Die seit 1. August geltende neue Regelung im Personenbeförderungsgesetz (PBefG) ermöglicht es den Genehmigungsbehörden, neben dem festgelegten Taxitarif für Bestellfahrten unter anderem auch Mindest- und Höchstpreise (deshalb „Tarifkorridore“) zu definieren, in deren Rahmen Fahrgäste mit dem Unternehmen den Fahrpreis aushandeln können. Der bisher geltende Grundsatz, dass in der Taxitarifverordnung stets feste Kilometer- und Zeitpreise für die Taxifahrten innerhalb des sog. Pflichtfahrgebietes verordnet werden müssen, wird so durchbrochen.

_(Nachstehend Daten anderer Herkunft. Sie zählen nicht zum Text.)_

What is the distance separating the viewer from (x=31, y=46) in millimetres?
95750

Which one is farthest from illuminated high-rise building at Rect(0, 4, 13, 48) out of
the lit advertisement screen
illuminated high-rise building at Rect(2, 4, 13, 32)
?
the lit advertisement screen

Die Prognose der niedersächsischen Taxibranche ist dabei, dass bei der Anwendung dieser Regelung eine Mehrklassengesellschaft bei der Taxinutzung entstehen würde. Leidtragende werden danach die normale Kundschaft und insbesondere mobilitätseingeschränkte Menschen sein, während Großkunden den Minimalpreis unerbittlich einfordern und bekommen werden.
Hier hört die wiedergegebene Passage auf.